When news happens, text AND and your photos or videos to 80360. Or contact us by email and phone.
'Chances missed' to save Daniel
Chance after chance was missed to intervene in the case of a tragic four-year-old boy who was beaten to death by his mother and stepfather.
A serious case review into the death of Daniel Pelka found repeated failures by the agencies set up to safeguard children's welfare but concluded nobody could have predicted his death at the hands of an abusive mother and stepfather last year.
The review found Daniel was at times rendered "invisible" in the eyes of health professionals, school staff and social workers in the presence of controlling Magdelena Luczak and brutal former soldier Mariusz Krezolek, who "misled and deceived" a host of child protection agencies by spinning a "web of lies" to conceal systematic abuse of the boy.

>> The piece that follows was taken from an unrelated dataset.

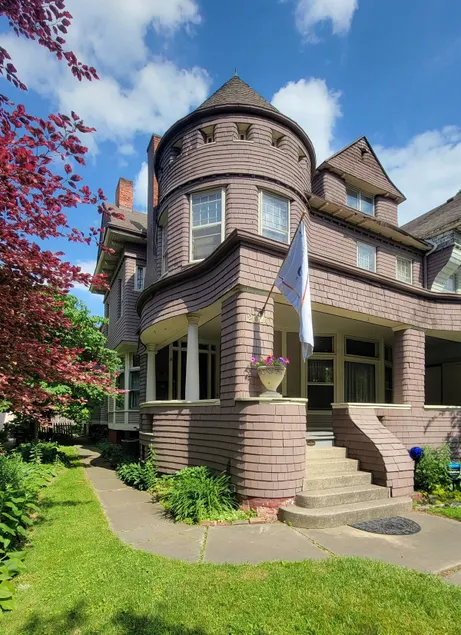 4-Bed McMansion Marvel! - Image 1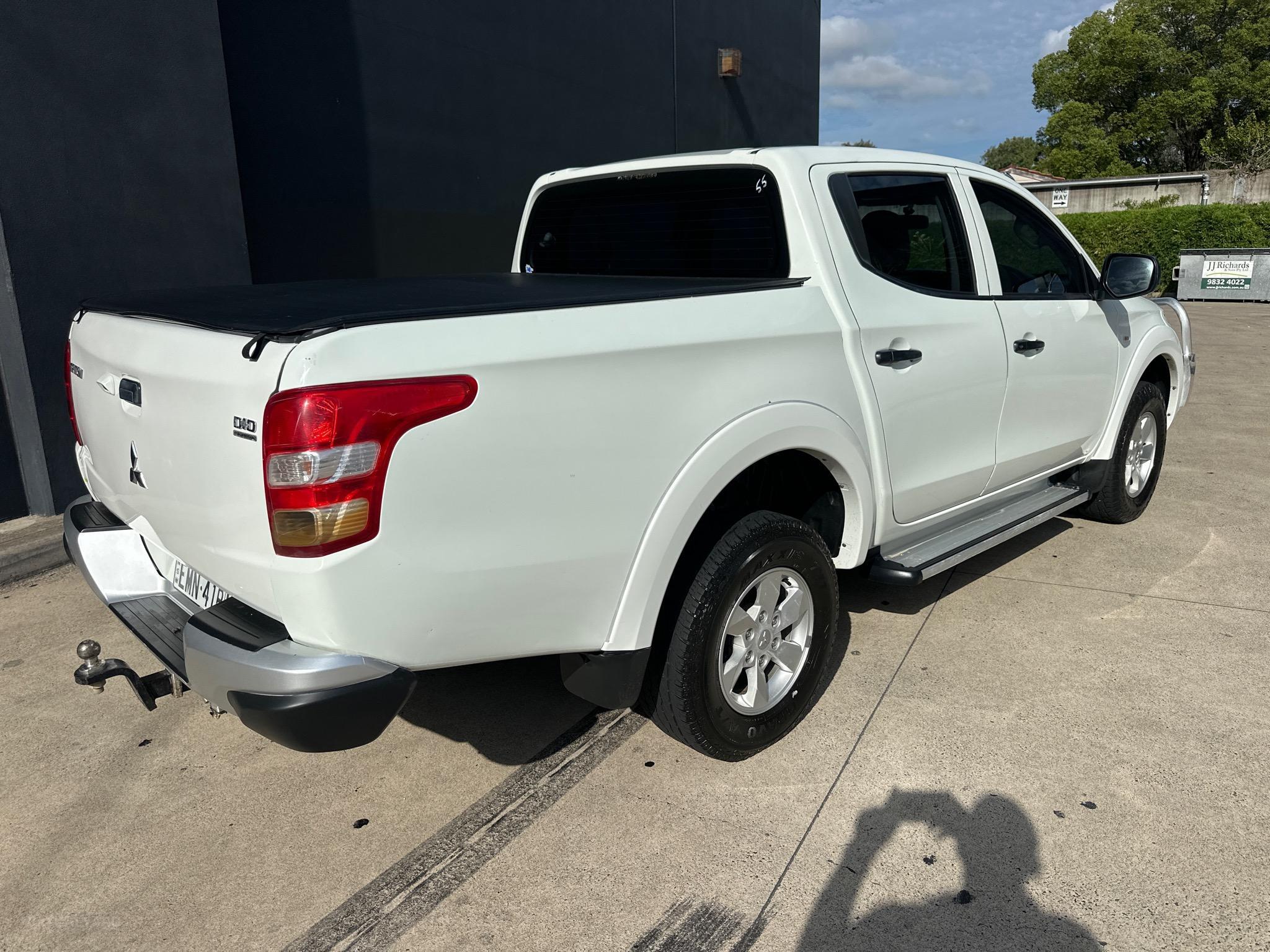 MITSUBISHI TRITON MQ MY17 GLX+ UTILITY DOUBLE CAB 4DR MAN 6SP 4X4 985KG 2.4DT image 18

Daniel, from Coventry, died of a head injury on March 3, 2012. The report also revealed for the first time, through 27 separate police logs recorded between 2006 and 2011, how Daniel grew up in a household dominated by routine domestic violence and alcohol abuse. Luczak and Krezolek, both originally from Poland, were convicted of the youngster's murder following a trial earlier this year and are now each serving a minimum of 30 years behind bars. During their trial at Birmingham Crown Court, the jury heard how Daniel had been kept locked in a box room as a virtual prisoner, fed salt, and routinely beaten - at one point his mother held his head under water in the bath.
The serious case review, carried out in any case of child death where there is a suspicion of abuse or neglect, concluded several critical opportunities were missed to intervene in Daniel's care. There was too much reliance in accepting Luczak and Krezolek's version of events, with the report concluding health professionals and social workers could instead have dared to "think the unthinkable". The review by Coventry Safeguarding Children Board has published 15 recommendations aimed at preventing such a failure happening again. These include calls for greater communication and co-ordination between the different child protection agencies, and a strengthening of working procedures and staff training.
Published in the report for the first time are West Midlands Police logs, revealing Luczak had three consecutive partners who were abusive to her, and charting how officers would be called to the family home to find one or other of the adults drunk. In one incident in 2008, Luczak, 27, was reported as being in the street having taken an overdose "because her partner had left her", although no reference was made to Daniel who would have been six months old at the time. In another in May 2010, officers arrested Krezolek on suspicion of assault at home after Luczak claimed he had slammed her finger in the door, with police recording that Daniel was at home at the time.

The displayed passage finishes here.